If you approve this dependent PR, these changes will be merged into the original PR branch dont-optimize-repeatedly-gh-actions.

This PR will be automatically closed if the original PR is merged.

📄 15% (0.15x) speedup for `FunctionToOptimize.get_code_context_hash` in `codeflash/discovery/functions_to_optimize.py`

⏱️ Runtime : 3.67 milliseconds → 3.20 milliseconds (best of 72 runs)

📝 Explanation and details

Here is an optimized version of your code, targeting the areas highlighted as slowest in your line profiling.

Key Optimizations

Read Only Necessary Lines:
- When starting_line and ending_line are provided, instead of reading the entire file and calling .splitlines(), read only the lines needed. This drastically lowers memory use and speeds up file operations for large files.
- Uses itertools.islice to efficiently pluck only relevant lines.
String Manipulation Reduction:
- Reduce the number of intermediate string allocations by reusing objects as much as possible and joining lines only once.
- Avoids strip() unless absolutely necessary (as likely only for code content).
Variable Lookup:
- Minimize attribute lookups that are inside loops.
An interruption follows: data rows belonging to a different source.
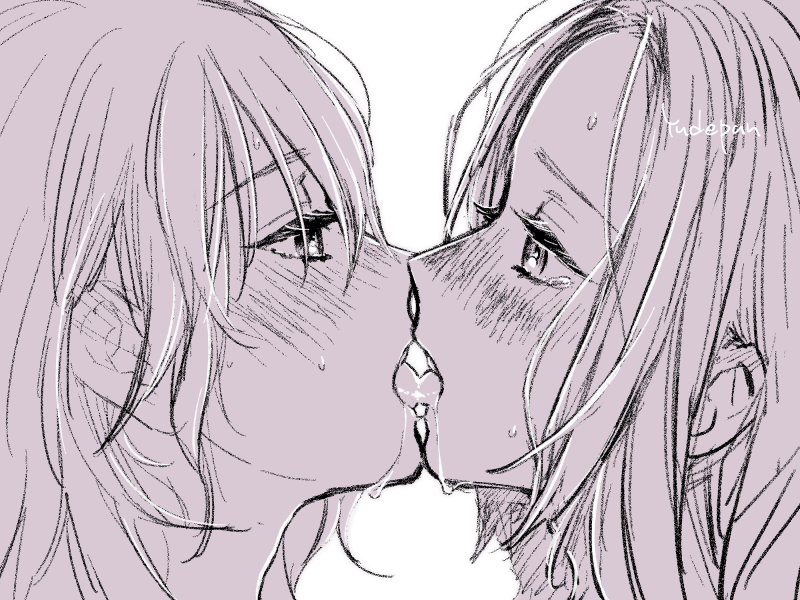 キスの日再掲載 #エデレス #edeleth #百合 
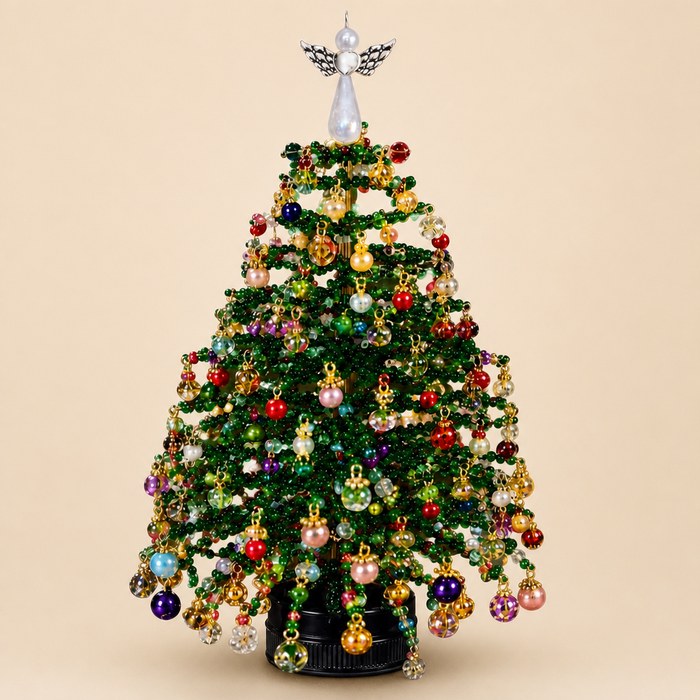 Classic Christmas beaded tree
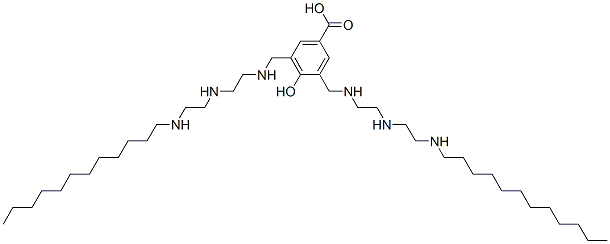3,5-bis[[[2-[[2-(dodecylamino)ethyl]amino]ethyl]amino]methyl]-4-hydroxybenzoic acid CAS#: 3700-60-5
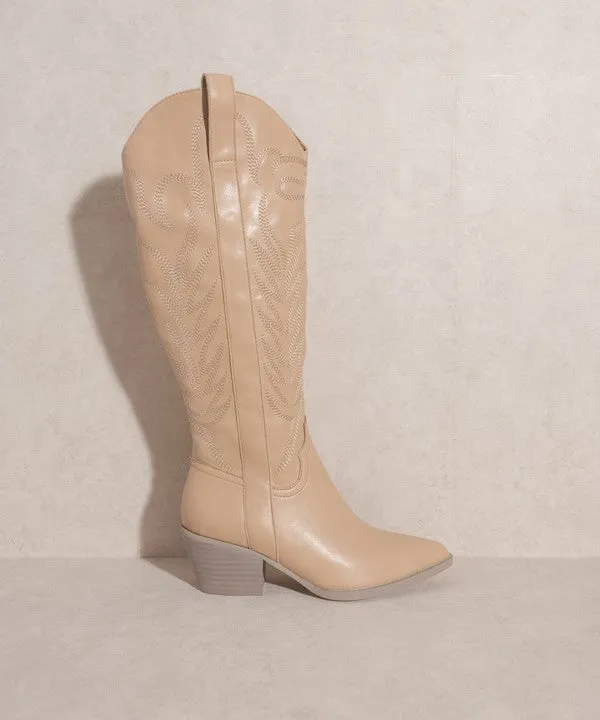 Online Exclusive -Samara - Embroidered Tall Boot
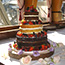 Uncovered Wedding Cake
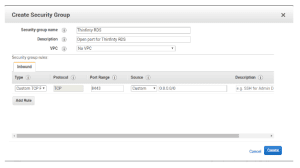 AWS Configure port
The function semantics are preserved exactly. All comments are retained or improved for code that was changed for better understanding.

Rationale

The main bottleneck is reading full files and splitting them when only a small region is needed. By slicing only the relevant lines from file, the function becomes much faster for large files or high call counts.
All behaviors, including fallback and hash calculation, are unchanged.
Import of islice is local and lightweight.

This should significantly improve both runtime and memory usage of get_code_context_hash.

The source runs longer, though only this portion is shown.